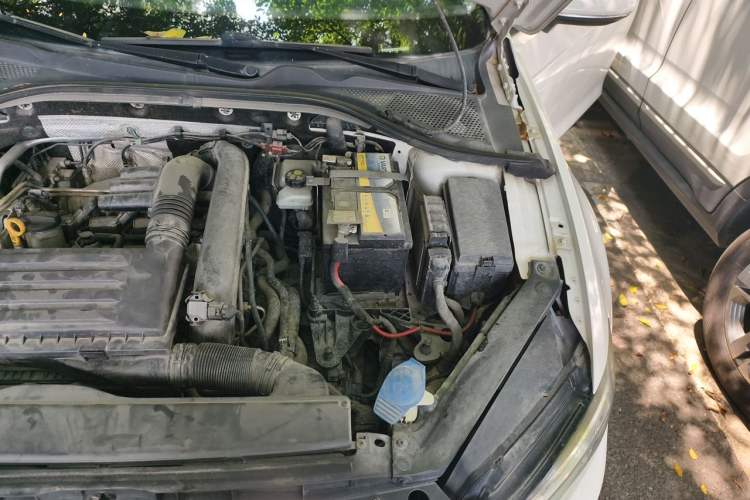 Used Volkswagen Lamando 2018 230TSI DSG Fashion Edition Engine Bay Left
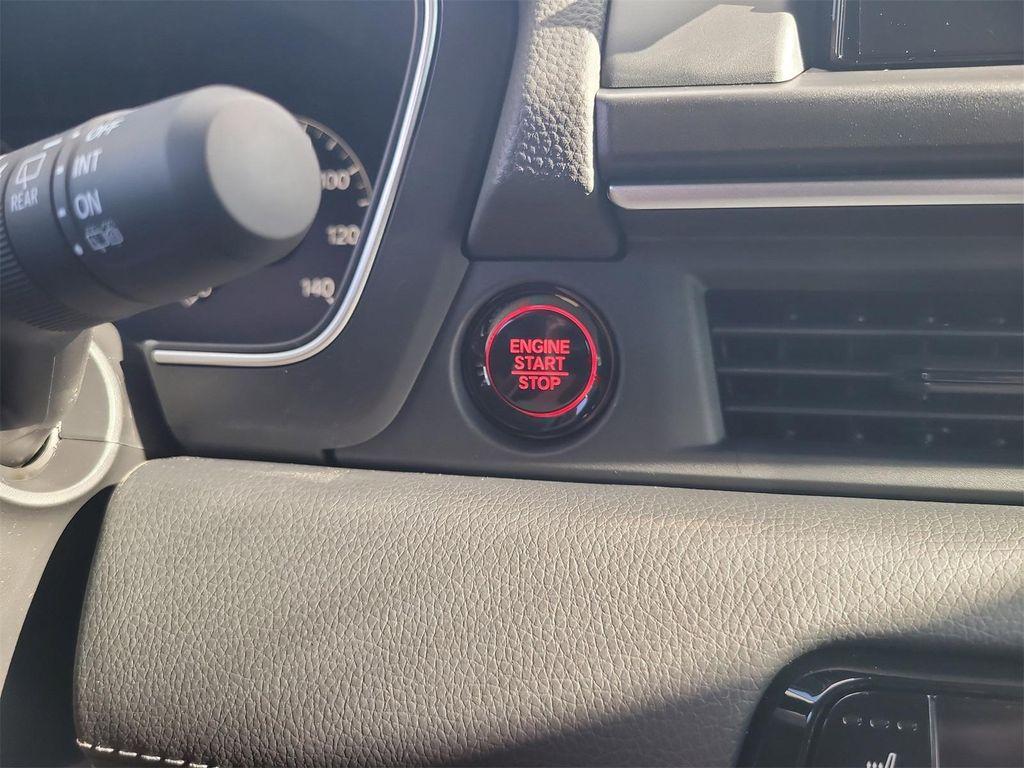 new 2025 Honda Pilot car, priced at $45,450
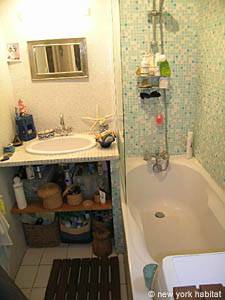 Paris 2 Zimmer ferienwohnung - badezimmer 1 (PA-1737) photo 1 von 4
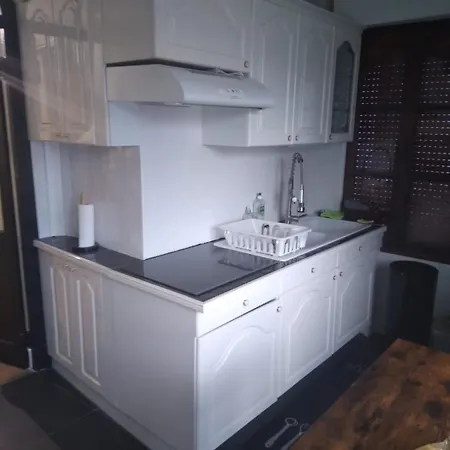 A La Montagne Apartment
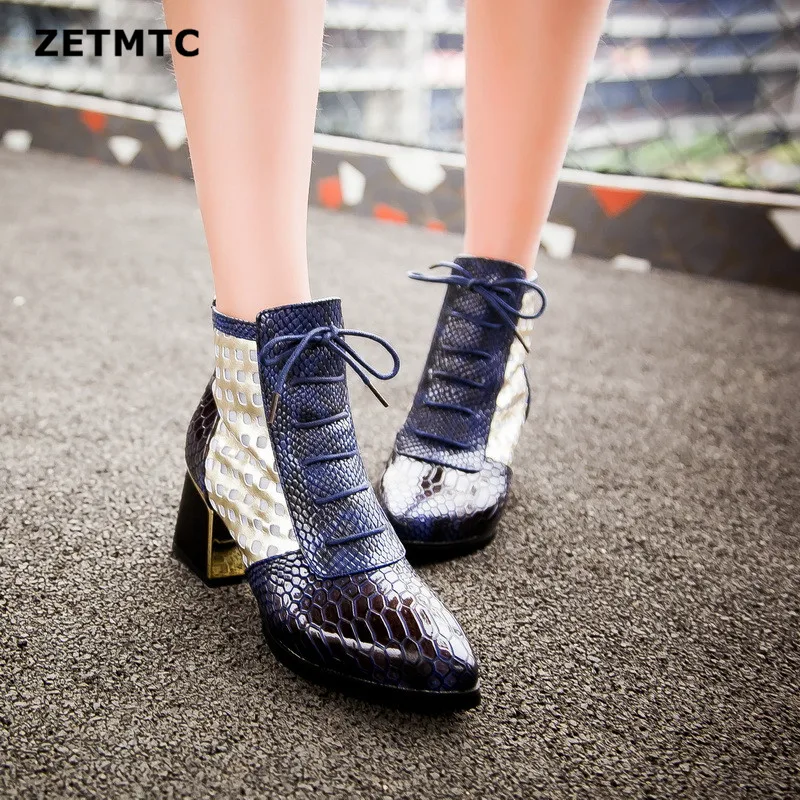 Новинка 2018 женские ботинки челси ZETMTC на молнии ботильоны со змеиным принтом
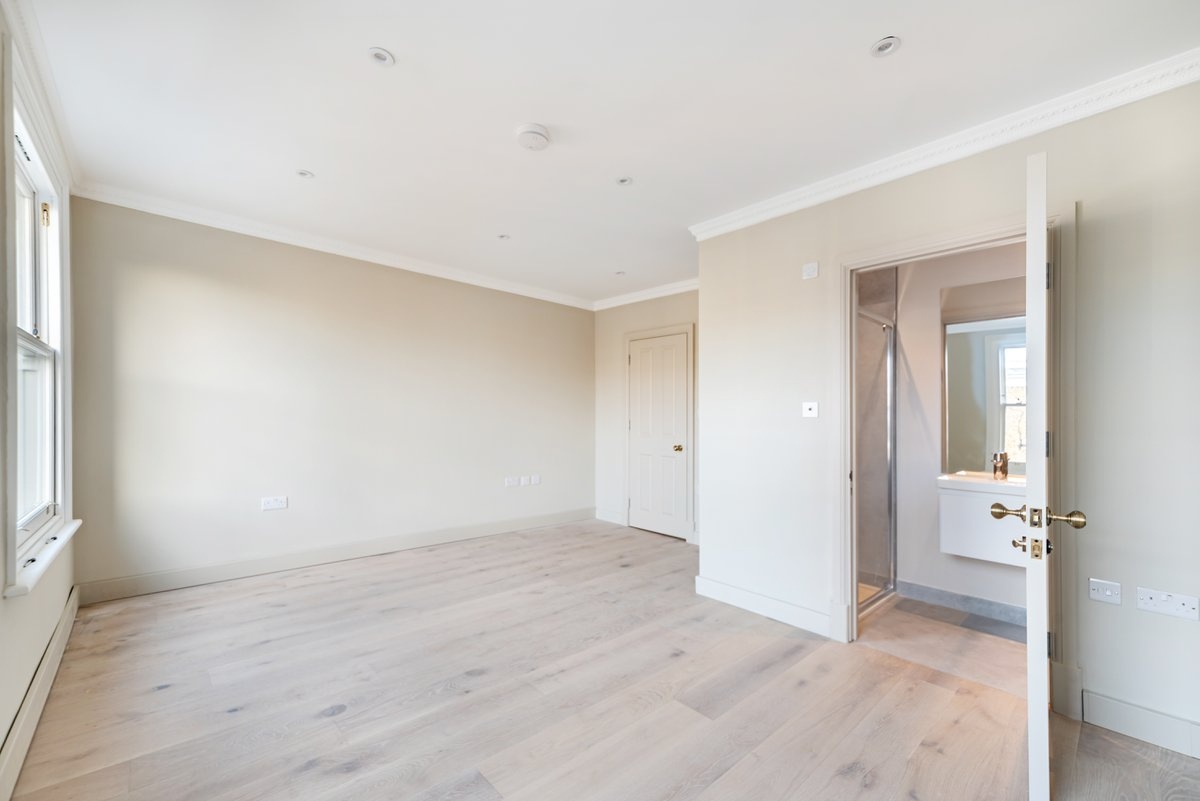 Additional image 12 of 3 Bed Flat, Redburn Street, SW3, N1 7GU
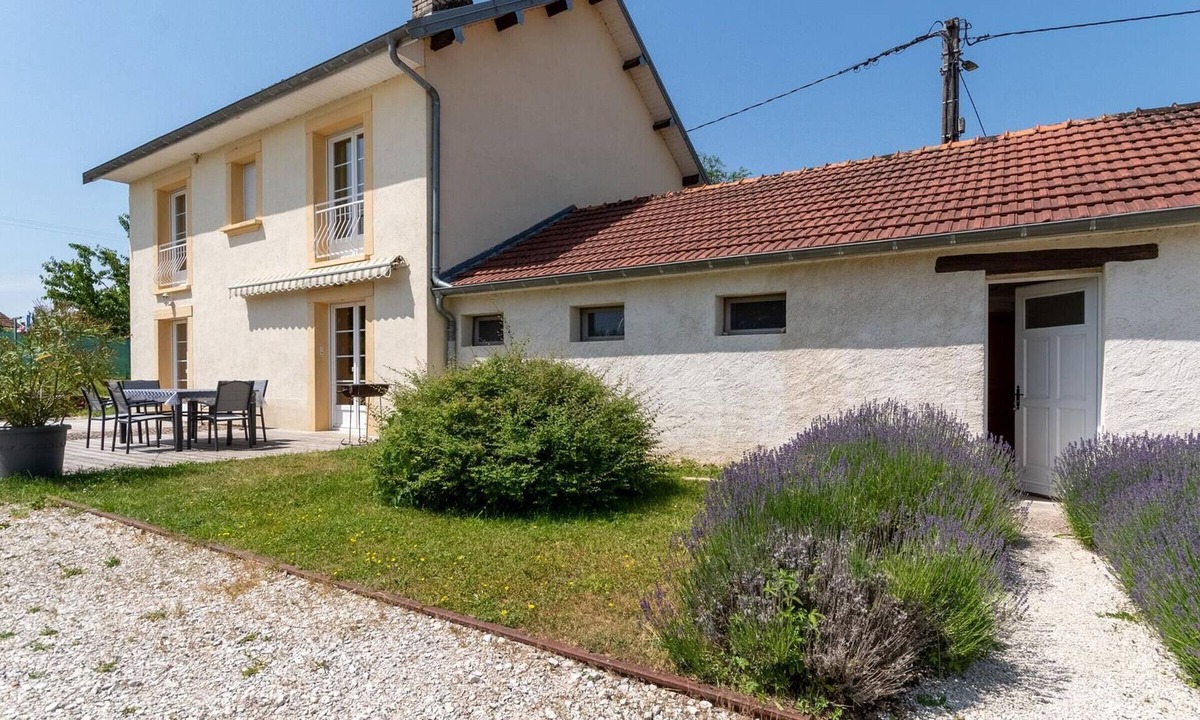 Jussey Cottage | Secluded Fisherman's Cottage with large capacity near the Saône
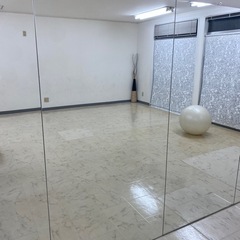 ダンス　スタジオ　美容院　大型ミラー 複数枚あり　アパレル　ファッションの画像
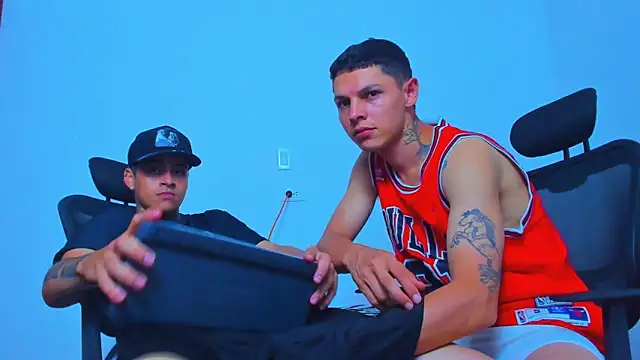 Thomas-Wil 라이브 XXX 채팅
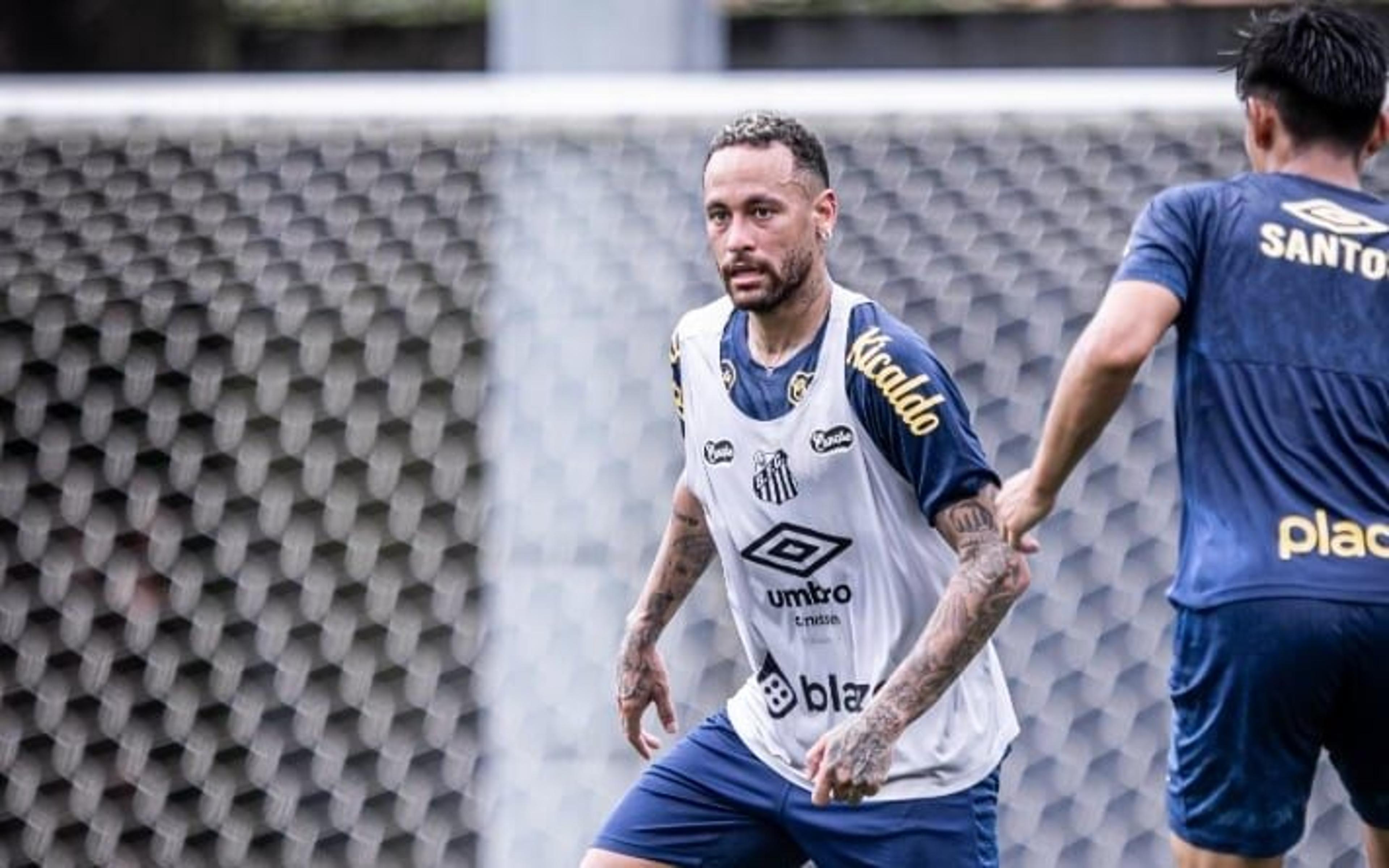 Neymar marca golaço no primeiro treino após retorno ao Santos; assista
━━━━
[WORK TASK]:
With the pictures left out, give again exactly the lines from the one that contains "A La Montagne Apartment" through the final line of the data above.

[SOLUTION TO THIS EXERCISE]:
 A La Montagne Apartment
 Новинка 2018 женские ботинки челси ZETMTC на молнии ботильоны со змеиным принтом
 Additional image 12 of 3 Bed Flat, Redburn Street, SW3, N1 7GU
 Jussey Cottage | Secluded Fisherman's Cottage with large capacity near the Saône
 ダンス　スタジオ　美容院　大型ミラー 複数枚あり　アパレル　ファッションの画像
 Thomas-Wil 라이브 XXX 채팅
 Neymar marca golaço no primeiro treino após retorno ao Santos; assista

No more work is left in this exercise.